Tod von Kaczynski: Polen unter Schock

Tod von Kaczynski: Polen unter Schock
Polen unter Schock: Nach dem Flugzeugunglück im russischen Smolensk, bei dem Präsident Lech Kaczynski ums Leben kam, trägt das ganze Land Trauer.

Nach dem Tod des polnischen Präsidenten Lech Kaczynski und weiterer Spitzenpolitiker ist ganz Polen in Trauer. Auch in der Nacht zum Sonntag kamen immer wieder Dutzende Menschen zum Präsidentenpalast, um den Toten die letzte Ehre zu erweisen. Sie zündeten Grabkerzen an und legten Blumen nieder. Der Platz vor dem Amtssitz des Staatsoberhauptes verwandelte sich in ein buntes Meer aus Grableuchten und Blumenkränzen. Die Straße musste gesperrt werden.

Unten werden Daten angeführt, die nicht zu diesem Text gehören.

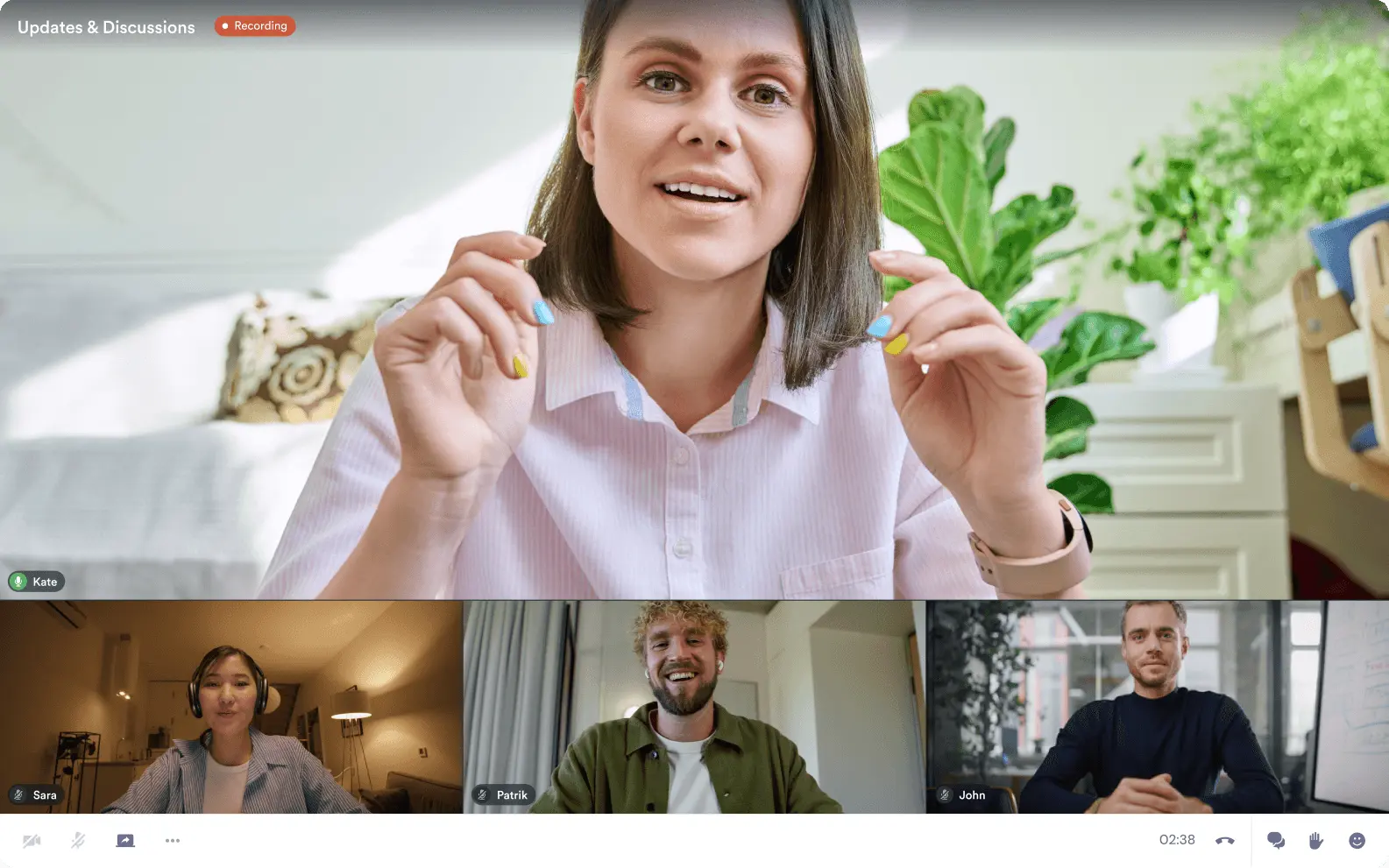 A recorded video call in the Updates & Discussions room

Am Samstagabend hatten tausende von Menschen dort und auf dem benachbarten Platz des Sieges ihr Mitgefühl für die Opfer der Flugzeugkatastrophe mit 97 Toten demonstriert.

Tusk und Putin trauern gemeinsam

Bei Trauergottesdiensten, die am Samstagabend in Warschau, Krakau und vielen anderen Städten Polens stattfanden, riefen die Bischöfe zur nationalen Versöhnung auf. Im Warschauer Dom sagte Erzbischof Kazimierz Nycz, der tragische Flugzeugabsturz habe ganz Polen getroffen. Die Tragödie müsse zur Einheit der Nation beitragen.

Die Regierungschefs von Polen und Russland, Donald Tusk und Wladimir Putin, hatten nach dem Flugzeugabsturz des polnischen Präsidenten und der anderen 96 Todesopfer gedacht. Gemeinsam legten sie am Samstagabend am Ort der Katastrophe Blumen nieder. Putin versicherte Tusk nach Angaben der Agentur Interfax, dass russische und polnische Spezialisten bei der raschen Aufklärung des Unglücks zusammenarbeiten würden.

Ein Nachfolger Kaczynskis soll bis spätestens 20. Juni gewählt werden. Ursprünglich sollten die Präsidentenwahlen im Herbst stattfinden. Der polnische Parlamentschef Bronislaw Komorowski, der gemäß der Verfassung bis zur Neuwahl die Geschäfte des tödlich verunglückten Staatsoberhauptes übernommen hat, kündigte am Samstagabend an, er werde innerhalb von 14 Tagen über den Wahltermin entscheiden. Der Urnengang muss dann an einem Sonntag innerhalb von 60 Tagen nach dieser Entscheidung stattfinden. Komorowski wird nach derzeitigem Stand selbst bei der Präsidentenwahl antreten. Er war bereits Ende März von der liberalen Regierungspartei Bürgerplattform PO zu ihrem Kandidaten ernannt worden.

Alle Opfer sind geborgen

Putin kündigte eine rasche Aufklärung des Flugzeugabsturzes an. "Wir müssen alles tun, um den Familien, um den Angehörigen der Opfer zu helfen." Das sagte Putin im russischen Staatsfernsehen nach einer Besichtigung des Absturzorts. Dort hielt er auch eine Gedenkminute für die Opfer ab. Präsident Dmitri Medwedew hatte den früheren Kremlchef zum Chef der Untersuchungskommission ernannt.

Alle Opfer seien mittlerweile geborgen worden, sagte Zivilschutzminister Sergej Schoigu. Ihre Leichen würden nach Moskau übergeführt. Transportminister Igor Lewitin warf dem polnischen Piloten vor, "eigenmächtig" gehandelt zu haben. Die Sichtweite zum Unglückszeitpunkt habe nur 400 Meter betragen. Vorgeschrieben seien Landungen ab 1.000 Metern Sicht, sagte Lewitin. Es seien zwei Flugschreiber gefunden worden. Die Geräte sollen nach Moskau gebracht und dort von russischen und polnischen Spezialisten gemeinsam ausgewertet werden.

Kaczynski war mit einer ranghohen Delegation auf dem Weg zu einer Gedenkfeier für die Ermordung polnischer Soldaten durch den sowjetischen Geheimdienst vor 70 Jahren im russischen Katyn. Unter den Toten ist auch Kaczynskis Frau. Auch Vize-Parlamentschef Jerzy Szmajdzinski, Vize-Außenminister Andrzej Kremer, der Chef des Generalstabs, Franciszek Gagor, und mehrere Parlamentarier sind tot. Gestorben sei die "Elite der Nation", sagte Ex-Präsident Lech Walesa.